RWE is a pioneer: Shell also foregoes money from the gas levy

RWE is a pioneer
Shell also waives money from the gas levy

Is Shell taking social responsibility or is the energy company acting out of fear of an excess profit tax? In any case, he is waiving funds from the planned surcharge to save gas importers. Shell has already made huge profits in the second quarter of this year.

The energy company Shell does not want to demand any money from the planned surcharge to save systemically important gas importers. As the spokeswoman for Shell Germany, Cornelia Wolber, announced in Hamburg, the company did not even register for the corresponding payments and will therefore refrain from making use of them.

The energy company RWE also wants to do without it for the time being. “RWE is a financially strong and robust company. We are therefore considering refraining from claiming our losses from the gas replacement procurement for this levy for the time being,” said RWE CEO Markus Krebber on Thursday in Essen. The surcharge should take effect from the beginning of October and benefit gas importers like Uniper, who have to buy replacement gas volumes from Russia at high prices. So far, however, you cannot pass on these additional costs; this is to be done via the levy. The amount of the levy will be announced on Monday.

The sharp increase in the price of oil and gas means profits for energy companies around the world. Shell, Europe’s largest oil company, quintupled its profit in the second quarter to $18 billion; the British oil company BP tripled it, the French companies Totalenergies and Engie each doubled their profits. The situation was similar for Repsol in Spain and ENI in Italy. In Germany, RWE revised its profit forecast sharply upwards.

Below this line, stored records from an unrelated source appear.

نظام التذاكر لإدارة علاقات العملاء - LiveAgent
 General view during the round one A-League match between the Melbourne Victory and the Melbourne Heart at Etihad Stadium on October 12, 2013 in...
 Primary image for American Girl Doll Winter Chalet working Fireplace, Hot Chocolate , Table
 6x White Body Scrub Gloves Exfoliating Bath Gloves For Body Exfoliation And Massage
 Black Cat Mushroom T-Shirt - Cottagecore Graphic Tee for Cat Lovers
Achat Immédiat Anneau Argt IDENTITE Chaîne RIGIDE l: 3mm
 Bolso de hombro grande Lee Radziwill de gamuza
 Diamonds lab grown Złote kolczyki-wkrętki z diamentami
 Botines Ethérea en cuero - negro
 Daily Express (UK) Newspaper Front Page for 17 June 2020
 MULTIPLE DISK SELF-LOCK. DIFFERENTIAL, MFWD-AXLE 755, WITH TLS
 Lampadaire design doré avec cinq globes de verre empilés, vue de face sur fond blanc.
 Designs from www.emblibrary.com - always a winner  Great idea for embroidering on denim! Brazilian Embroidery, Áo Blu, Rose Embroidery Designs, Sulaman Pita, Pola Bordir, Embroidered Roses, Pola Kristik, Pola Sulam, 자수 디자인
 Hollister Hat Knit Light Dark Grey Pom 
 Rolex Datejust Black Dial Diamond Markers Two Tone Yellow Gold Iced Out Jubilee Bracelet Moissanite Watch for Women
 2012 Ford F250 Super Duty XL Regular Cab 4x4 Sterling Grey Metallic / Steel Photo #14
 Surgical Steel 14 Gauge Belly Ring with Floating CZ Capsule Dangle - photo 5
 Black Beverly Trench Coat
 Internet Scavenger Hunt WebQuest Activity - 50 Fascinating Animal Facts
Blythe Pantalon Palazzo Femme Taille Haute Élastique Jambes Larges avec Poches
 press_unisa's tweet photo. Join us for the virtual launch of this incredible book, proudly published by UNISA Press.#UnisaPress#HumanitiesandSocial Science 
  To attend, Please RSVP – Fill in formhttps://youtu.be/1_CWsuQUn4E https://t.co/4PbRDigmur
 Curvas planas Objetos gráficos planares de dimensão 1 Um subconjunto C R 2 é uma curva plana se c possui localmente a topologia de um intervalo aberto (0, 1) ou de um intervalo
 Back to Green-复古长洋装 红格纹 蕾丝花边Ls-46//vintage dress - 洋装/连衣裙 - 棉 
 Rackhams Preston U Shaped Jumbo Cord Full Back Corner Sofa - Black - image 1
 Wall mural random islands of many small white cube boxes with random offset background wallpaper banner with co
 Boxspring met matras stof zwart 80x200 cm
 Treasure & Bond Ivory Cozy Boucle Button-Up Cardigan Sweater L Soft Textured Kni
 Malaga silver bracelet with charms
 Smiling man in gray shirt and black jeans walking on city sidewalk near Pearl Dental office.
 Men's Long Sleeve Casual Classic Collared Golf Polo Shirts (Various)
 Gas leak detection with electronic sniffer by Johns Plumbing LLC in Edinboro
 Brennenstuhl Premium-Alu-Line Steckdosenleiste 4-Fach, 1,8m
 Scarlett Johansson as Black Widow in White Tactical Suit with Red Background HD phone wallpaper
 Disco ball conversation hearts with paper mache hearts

In view of the price explosion on the world markets, the Saudi Arabian oil giant Aramco also achieved record results again. In the second quarter of this year, a profit of 48.4 billion dollars was generated, said the partially state-owned company. It benefited from the oil price consequences of the Russian war of aggression in Ukraine and the significant increase in demand after the corona pandemic abated. In several countries, governments are introducing an excess profits tax. In Germany, however, this is a controversial topic.